[Chandler took a year off after graduating from Saint Mary’s School in Raleigh, North Carolina, and has been traveling around Africa, volunteering and generally impressing everyone she meets. We were thrilled to have her at the Cherokee House from January to March 2013, working with Onesimus and Youth Impact. Her travels have also included Zanzibar, South Africa, and Ghana. You can follow the rest of her adventures here.]
I’m now 3 weeks into my projects. I’ve finally gotten a hang of the mini-bus taxi transportation and I’m having an easier time getting around.
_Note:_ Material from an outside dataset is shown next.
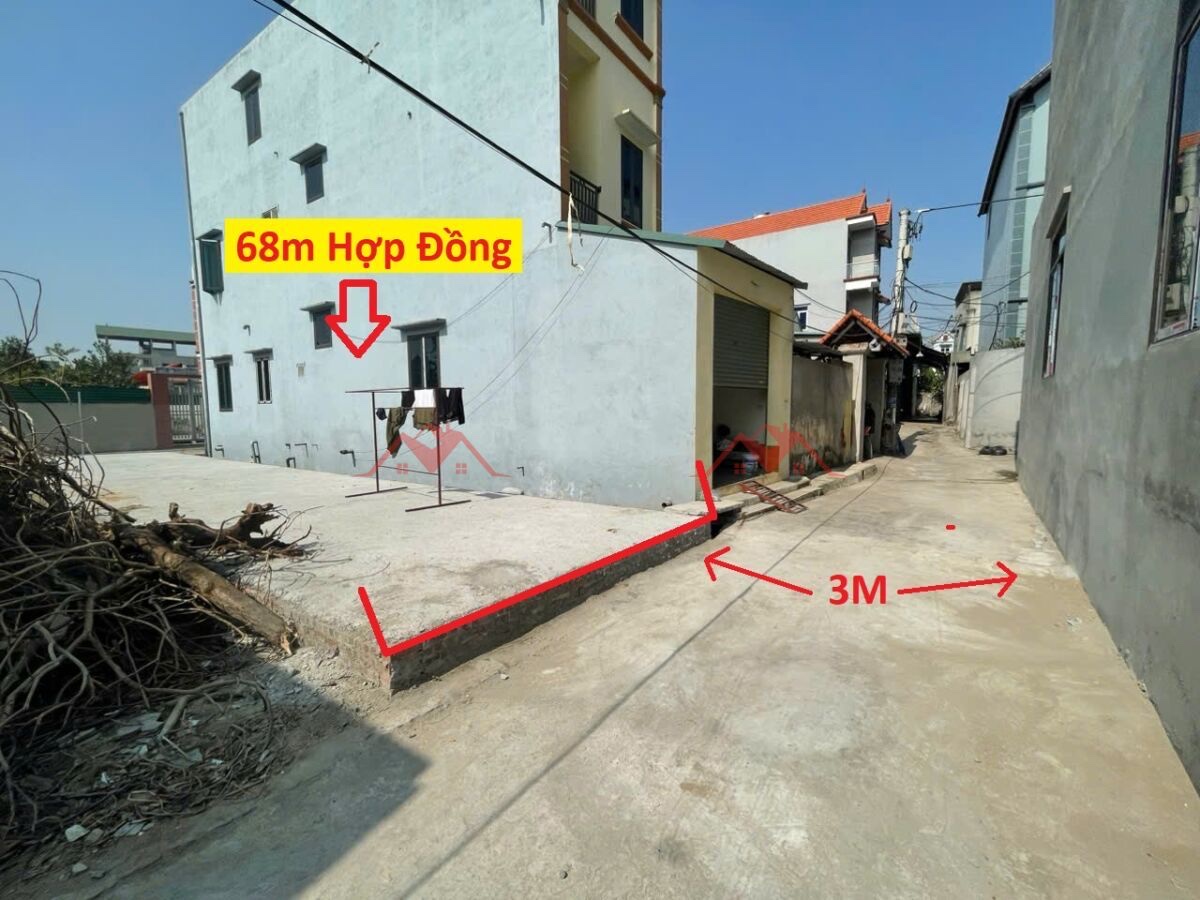 GIÁ 2TY850 ĐẤT TẠI HỢP ĐỒNG-CHƯƠNG MỸ D/T:68M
Some mornings I have to wait in line for an hour before getting a taxi to Mexico.
I have injera for lunch about every other day at my placement and the staff is always proud of me for liking the habesha food. We always have coffee after our plates are cleared. It’s a small cup but it’s very strong.
After lunch there is one boy named Abdulfeta, the reigning ping pong champion among the Onesimus boys, who always challenges me to a game. I’ve beaten him only once. He has a killer serve.
The best part of my day takes place at the Youth Impact library. I teach 2 English classes there. The students are really bright. I like the older class better because it is smaller so I can connect with the kids more easily. On Thursday I asked them to write about their dreams for the future and one girl wrote a beautiful essay about becoming a doctor and raising her children in a safe home.
I’m always escorted to the taxi station after class, either by the library’s director or some of the students. It’s such a nice gesture. When I’m walking with Ethiopians, people on the street are less inclined to shout out ‘ferengi’ or ‘YOU!’ towards me.
I’ve been in several cafés or restaurants and ordered something directly from the menu, only to be told ‘no,’ indicating that they do not actually serve that.